Provided material Block Start
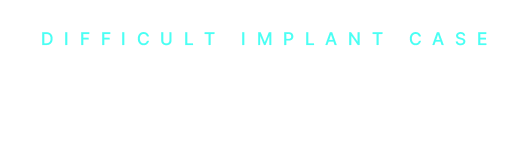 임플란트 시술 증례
Provided material Block End
Provided material Block Start
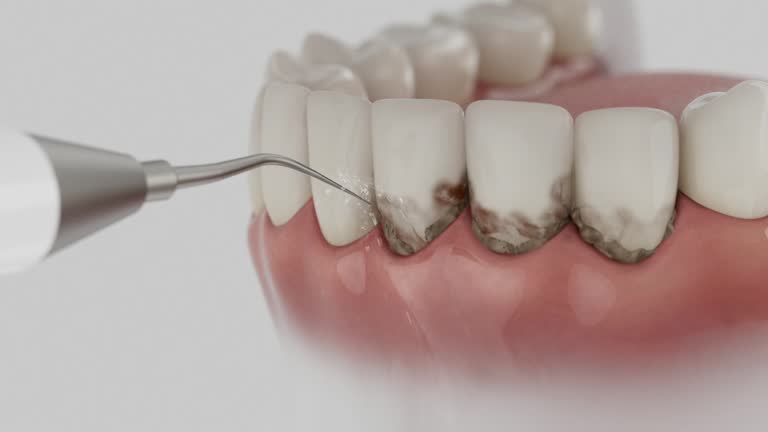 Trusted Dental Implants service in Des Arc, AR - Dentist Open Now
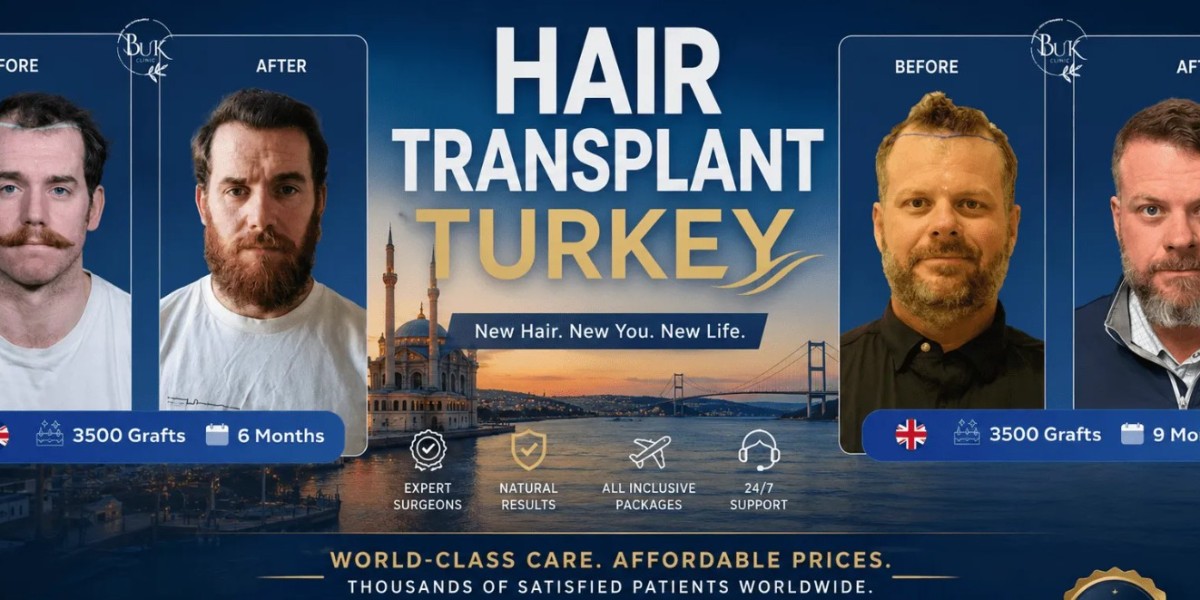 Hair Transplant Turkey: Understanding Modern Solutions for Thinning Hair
Provided material Block End
• **Exercise instructions**
Reproduce, word for word, everything in the listing above from the line containing "Trusted Dental Implants" down to the line containing "Hair Transplant Turkey: Understanding", both of them included. No pictures.

• **Exercise solution**
 Trusted Dental Implants service in Des Arc, AR - Dentist Open Now
 Hair Transplant Turkey: Understanding Modern Solutions for Thinning Hair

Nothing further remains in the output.